For these reasons as more fully explained herein, the Court will grant the Debtors’ motion to approve the loan modification and deny the Trustee’s motion for an upward plan modification.

FACTS

The Debtors filed a joint chapter 13 petition on June 12, 2008. On October 23, 2008, the Debtors’ second amended chapter 13 plan, dated October 14, 2008, was confirmed (“Plan”). Among other things, the Plan provides that “[t]he future earnings of the debtor are submitted to the supervision and control of the trustee”, and the Debtors make plan payments of $1,200 per month from July 12, 2008 through October 12, 2008; $1,420 per month from November 12, 2008 through December 12, 2012; and $2,200 per month from January 12, 2013 through June 12, 2013. These payments were calculated to provide a pro rata distribution of not less than 20% to the Debtors’ unsecured creditors.

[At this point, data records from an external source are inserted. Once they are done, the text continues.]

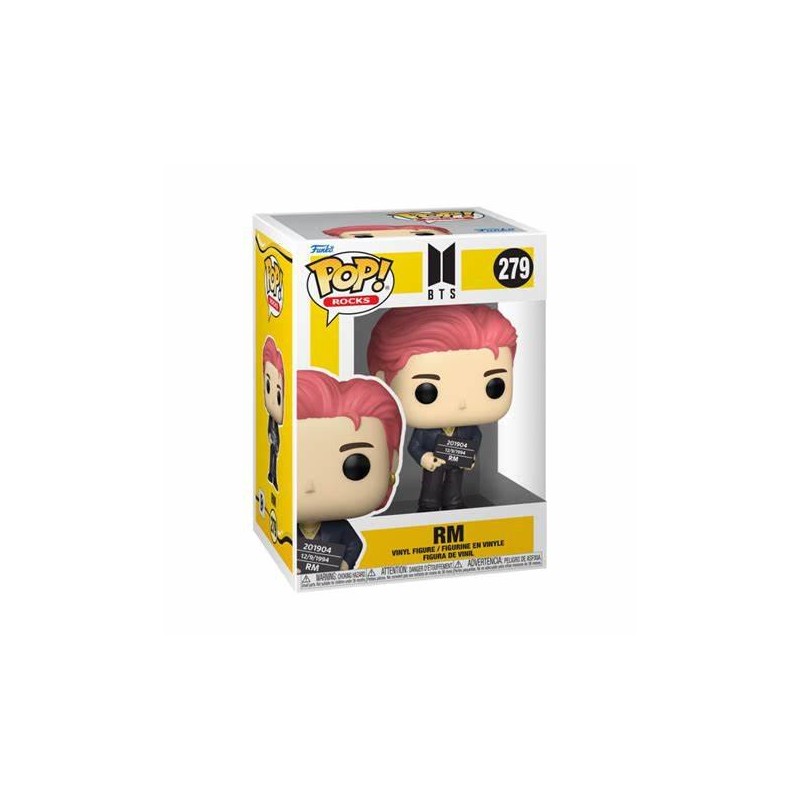FUNKO POP! BTS 279 RM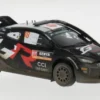 Toyota Yaris Rally 1, WRC, Safari Rallye Kenia, 2024, #18, T.Katsuta/A.Johnston, 1:43, IXO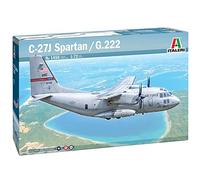 1/72 C-27J Spartan / G.222 Italeri 1450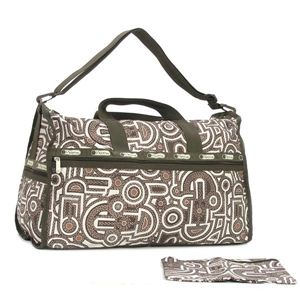 LeSportsac（レスポートサック） ショルダーバッグ 7185 メイズ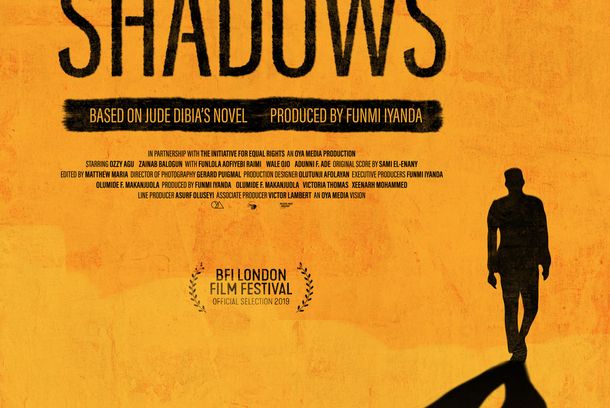 still / picture for Walking With Shadows
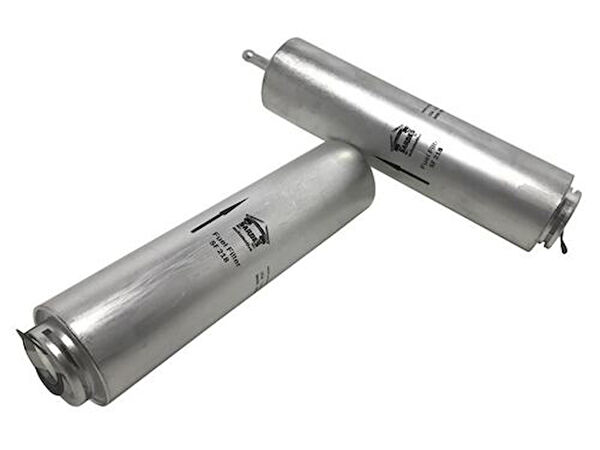 Sardes Yakıt Filtreleri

On March 16, 2009, the Debtors sought to modify the confirmed Plan downward based on the loss of income by the Debtor, Lisa Salpietro. The proposed amended plan sought to reduce the Debtors’ plan payments from $1,420 to $1,012 commencing with the March 12, 2009 payment through December 12, 2012, and reduce the payment from $2,200 to $1,792 for the period January 12, 2013 through June 12, 2013. These reduced payments would result in a reduction of the minimum to be paid to unsecured creditors from 20% to 10%. The Debtors’ proposed amended plan (“Amended Plan”) was approved, without opposition, by Order of this Court, dated May 14, 2009. The Amended Plan, like the original plan, provided that the Debtors’ future earnings be “submitted to the supervision and control of the trustee.”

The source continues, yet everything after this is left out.